The memory care program at Solheim reflects Best Life principles in practice: personalized routines built around each resident's history and retained abilities, programming that reaches beyond basic cognitive stimulation, and secure but home-like environments that reduce anxiety without creating confinement. The Eagle Rock campus is accessible to families throughout Pasadena, Glendale, Burbank, and greater Northeast Los Angeles. Tours are available Monday through Saturday for families ready to see the program firsthand.
Questions to ask when evaluating any memory care program
A tour is only as useful as the questions you bring to it. These are not items on a compliance checklist, they are conversation starters that reveal whether a community's care philosophy is real or aspirational.
About philosophy, training, and care approach:
How do your staff describe the purpose of your memory care program? Do they lead with safety, or with quality of life?
What dementia-specific training do all staff receive, including housekeeping and dining teams?
How are individual care plans created, and how often are they updated as a resident's needs change?
About daily life, programming, and family involvement:
Can you walk me through a typical weekday and a weekend day for a resident at my loved one's stage of dementia?
What activities are available for residents who are no longer verbal or mobile?

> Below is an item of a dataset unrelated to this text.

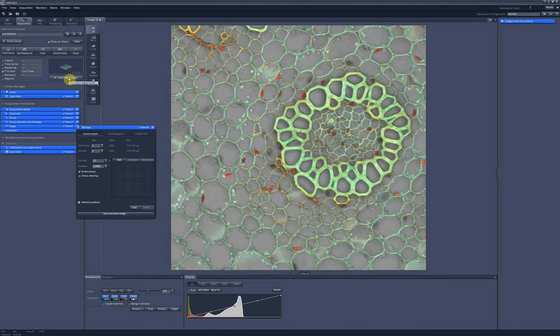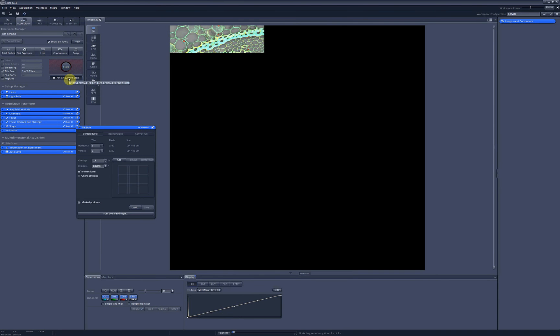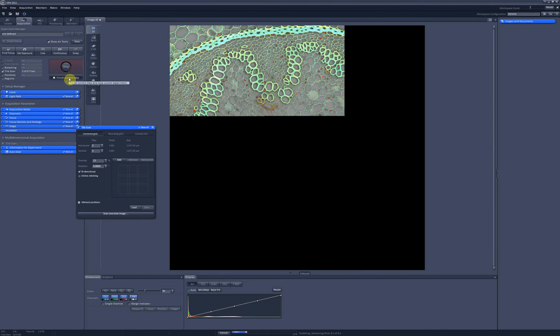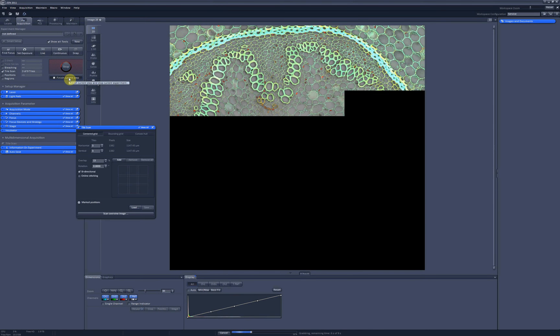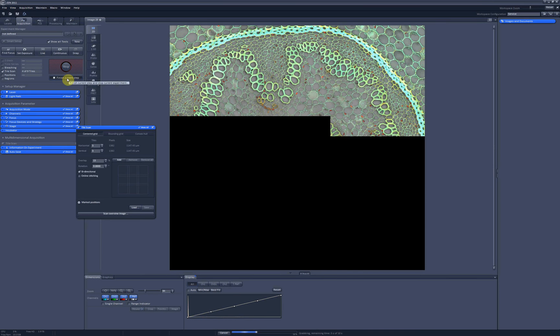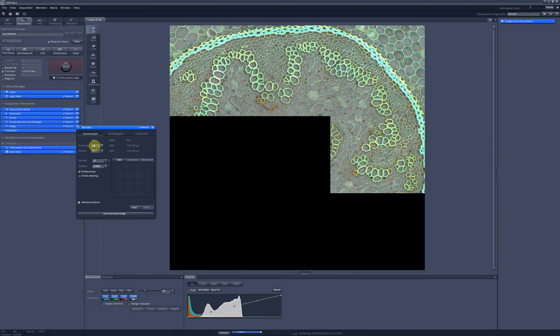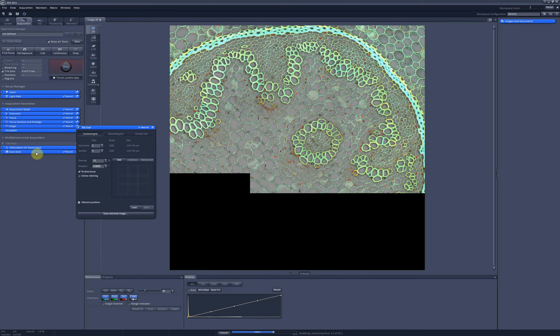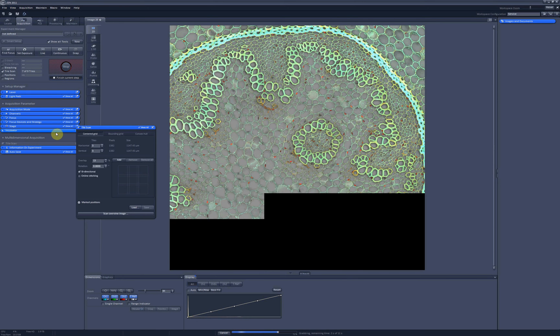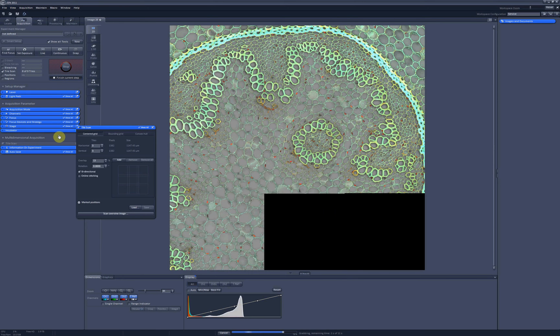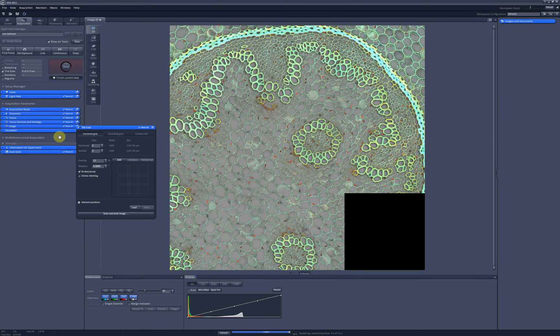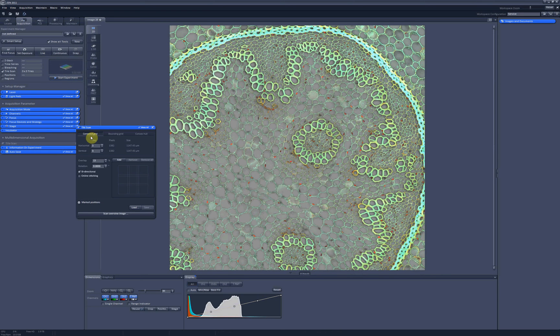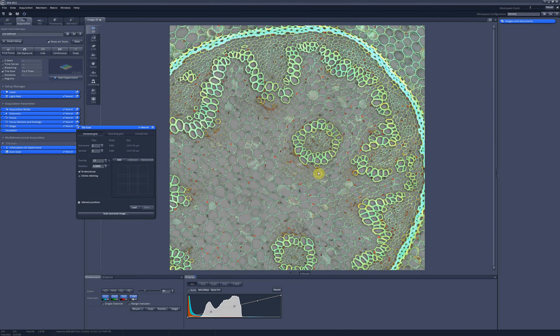And if I click on start experiment, the software starts scanning using the options I selected in the TileScan and in the other tabs over here. And as you can see, the major problem of this centered grid option is that it's very difficult to estimate how many tiles you are going to need to cover your whole sample. And also sometimes you are not as centered as you wish to be.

How does your community involve family members in programming and care decisions?
Pay close attention to how staff answer these questions, not just what they say. A team that actually practices person-centered care will answer with specifics and real examples. Vague references to "activities" and "safety protocols" tell you something too.
Dementia does not end a life well-lived
The core message of modern memory care is straightforward: a dementia diagnosis is not the end of a meaningful life. Joy, connection, and purpose remain within reach when the right care environment surrounds a person. The markers of a quality program are clear, a person-centered philosophy that is genuinely practiced, structured routines with real flexibility, evidence-backed activities tailored to individual ability, specialized and consistent staffing, and spaces designed to reduce confusion rather than compound it.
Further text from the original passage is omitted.